Pero lo moderno no nos puede esconder lo suficiente, nuestro trato no implica la salvaguarda de nuestra tranquilidad y de vez en cuando surge una creadora que nos muestra la verdadera forma de nuestros monstros y ya, ni la superficialidad y el inmediatismo, que hemos coronado como tótems de nuestra civilidad, nos protegen de la verdad. Del apetito por aquel tipo de belleza que vincula tanto la libertad, que sus actos se despejan de todo menos de aquello que nunca muere, la muerte y la melancolía.

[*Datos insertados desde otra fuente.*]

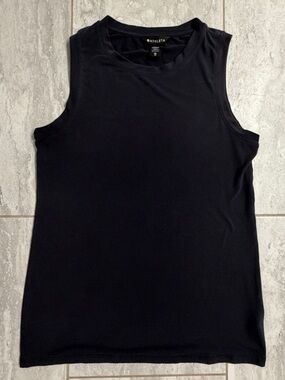 Athleta Sleeveless black tank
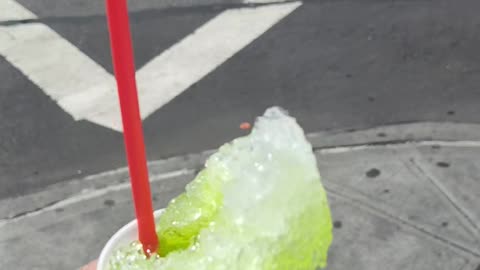 Republicanos y demócratas le dan MILES DE MILLONES de dólares a ICE.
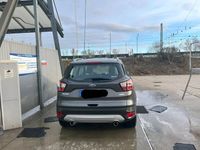 gebraucht Ford Kuga mit 2 jahre Garantie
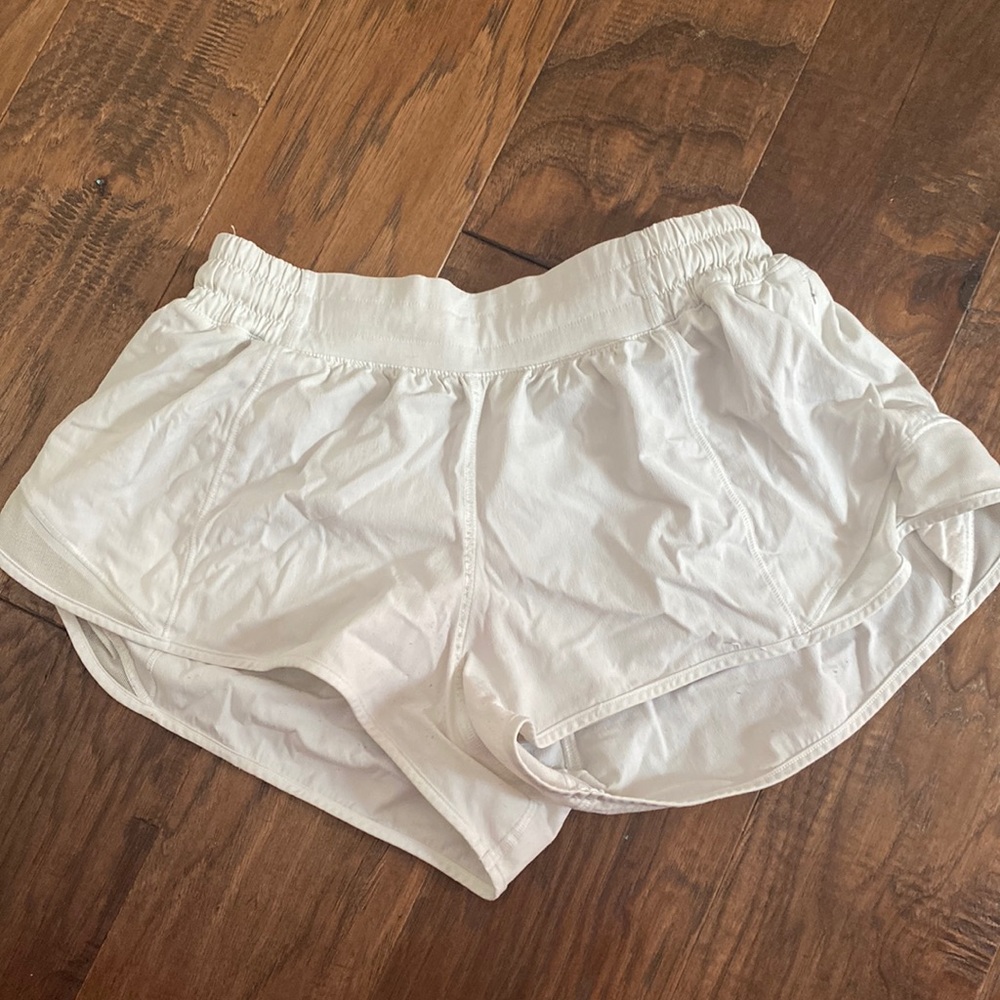 White lululemon shorts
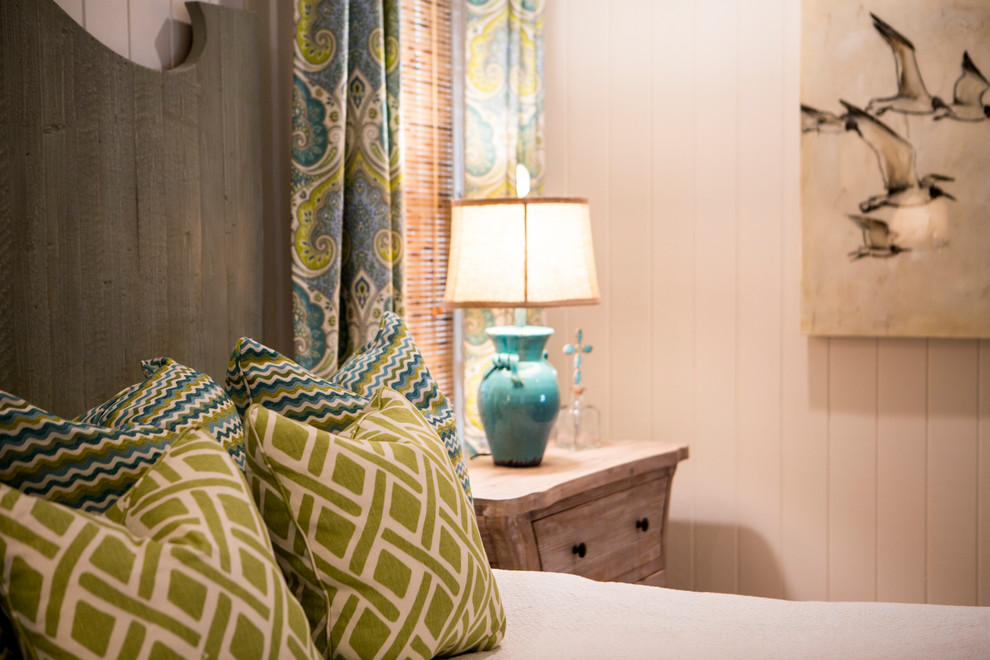 На фото: гостевая спальня среднего размера, (комната для гостей) в морском стиле с синими стенами и паркетным полом среднего тона без камина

Alejandra Pizarnik nos permite contemplar desde su preclara luna la profundidad pulposa, pulsante, exacerbada y sangrienta del alma de Erzébet Báthory. La condesa sangrienta extiende desde el siglo XVI su aliento horrendo, su lujuria sádica y sus métodos incubados entre sangre, gritos y hierro, obligándonos a confesar la prevalencia de su legado.
Pizarnik va más allá y se atreve a definir a la condesa sangrienta como un mal del siglo. Una disonancia de colores y sonidos, una lentitud interior en respuesta a la aceleración exterior. En suma, una criatura melancólica que no sufría y que esa ausencia de sensibilidad hacia ella misma la inclinaba a llenar el silencio con los gritos de sus víctimas.
La condesa sangrienta es un pequeño ensayo, creado no solo para hablarnos de una proscrita belleza, sino que a la vez fue escrito tratando de torcer aquel código de horror entre sus líneas, entre el espacio dejado por las palabras en un intento de rebelión en favor de la ficción y en contra de la más cruel y absoluta realidad: la impredecible consecuencia de libertad humana.